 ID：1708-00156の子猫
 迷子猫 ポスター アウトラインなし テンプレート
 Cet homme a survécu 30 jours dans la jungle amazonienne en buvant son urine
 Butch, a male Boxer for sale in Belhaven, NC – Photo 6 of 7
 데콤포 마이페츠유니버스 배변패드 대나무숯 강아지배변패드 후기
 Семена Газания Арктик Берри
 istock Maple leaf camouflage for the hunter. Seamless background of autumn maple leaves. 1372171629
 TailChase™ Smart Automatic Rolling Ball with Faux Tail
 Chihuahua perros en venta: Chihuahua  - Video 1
---
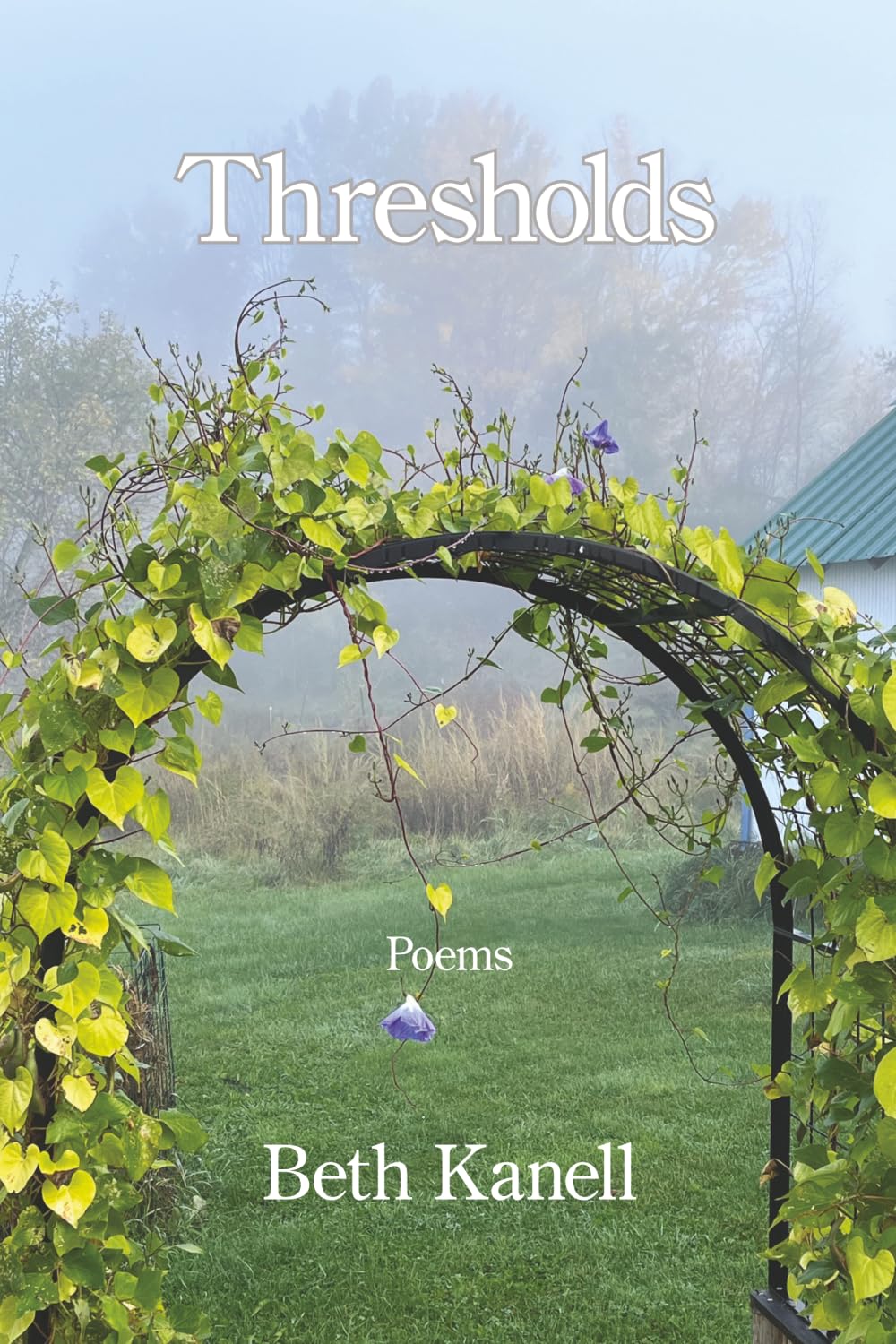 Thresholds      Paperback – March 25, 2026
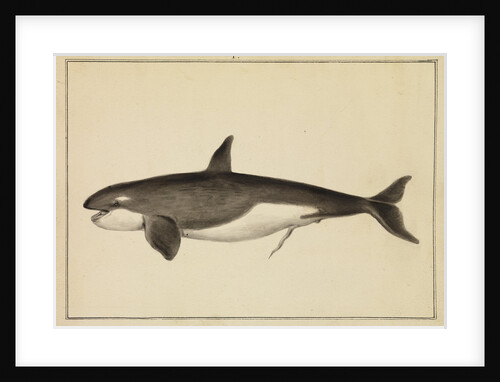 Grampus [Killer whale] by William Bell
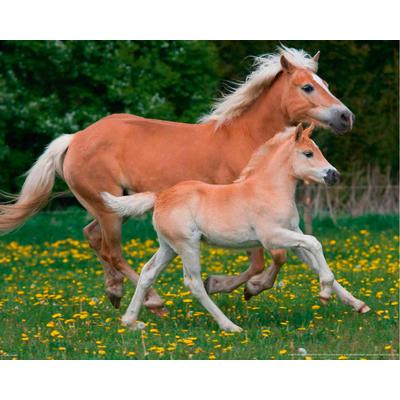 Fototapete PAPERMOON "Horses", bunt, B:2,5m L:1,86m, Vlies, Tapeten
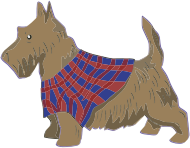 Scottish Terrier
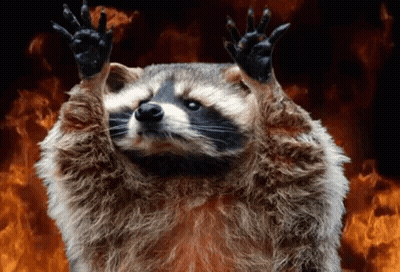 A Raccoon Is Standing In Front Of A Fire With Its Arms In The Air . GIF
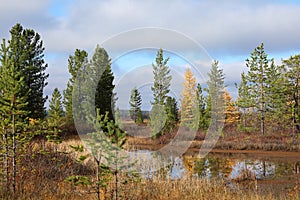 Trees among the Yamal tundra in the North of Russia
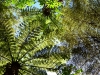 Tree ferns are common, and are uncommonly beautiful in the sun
---
# Goal of the exercise:
Reprint exactly the lines above that start at the one with "Butch, a male" and end at the one with "Chihuahua perros en", keeping both and adding none.

# Task result:
 Butch, a male Boxer for sale in Belhaven, NC – Photo 6 of 7
 데콤포 마이페츠유니버스 배변패드 대나무숯 강아지배변패드 후기
 Семена Газания Арктик Берри
 istock Maple leaf camouflage for the hunter. Seamless background of autumn maple leaves. 1372171629
 TailChase™ Smart Automatic Rolling Ball with Faux Tail
 Chihuahua perros en venta: Chihuahua  - Video 1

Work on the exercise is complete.